The actual speed of any broadband connection depends on a number of factors - how far your house is from the telephone exchange, the number of other people using broadband in your local area at the same time as you, and what sort of activity they are doing online.
The technology that delivers broadband uses what is called contention - that is, each connection is competing with every other connection for space in the broadband 'pipe'. This is also why most ISPs mandate a limit on the amount of data you can download per day/week/month, to make sure heavy users are not hogging too much of the available capacity. So, the more people that use their broadband at any one time, the less capacity is available to each.
In reality, contention is not a major issue unless there are lots of users doing lots of activity with lots of big downloads. The bigger the 'pipe', the more of it will be available at any moment. But no ISPs will guarantee that a 2Mb/s (or whatever) service will always give you the full 2Mb/s capacity at all times.
But the average internet user will rarely notice a difference unless they are downloading large files.

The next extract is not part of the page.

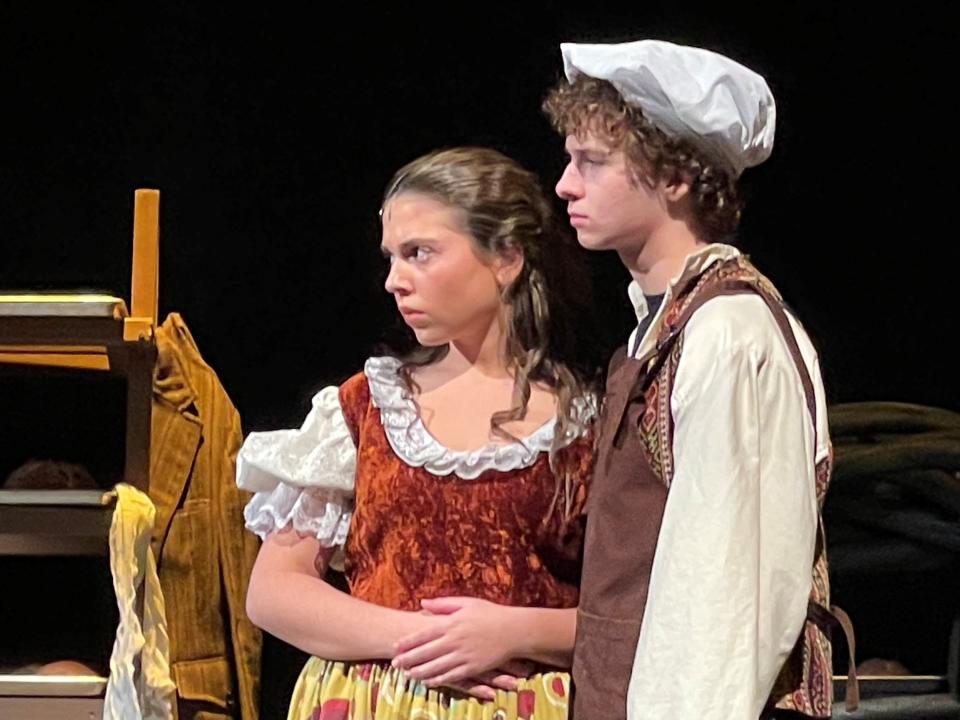 Eliana Panoff is the Baker’s Wife and Ethan McCarter is The Baker in Suffern High School's production of "Into the Woods," with performances at 7 p.m., March 21, 22; 1 and 7 p.m., March 23.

My daughter recently made a reverse charge call from a local call box. The operator said that there would be a charge. When I got the bill from BT they had charged me £4.50 plus VAT for an eight second call. This seems excessive, much more than any premium rate. I feel that I should have been informed of the cost at the time. I have now informed members of my family that it must be a real emergency to warrant the use of this service.
Reverse charging has always been expensive, but you make a very fair point that the operator could have been clearer on quite how much it would cost. It is very much an emergency service that BT offers and is charged as such. It would be interesting to hear BT's response to why their operators do not offer more detail on charges.
The opinions expressed are Bryan and Eddie's, and not the programme's. The answers are not intended to be definitive and should be used for guidance only. Always seek professional advice for your own particular situation.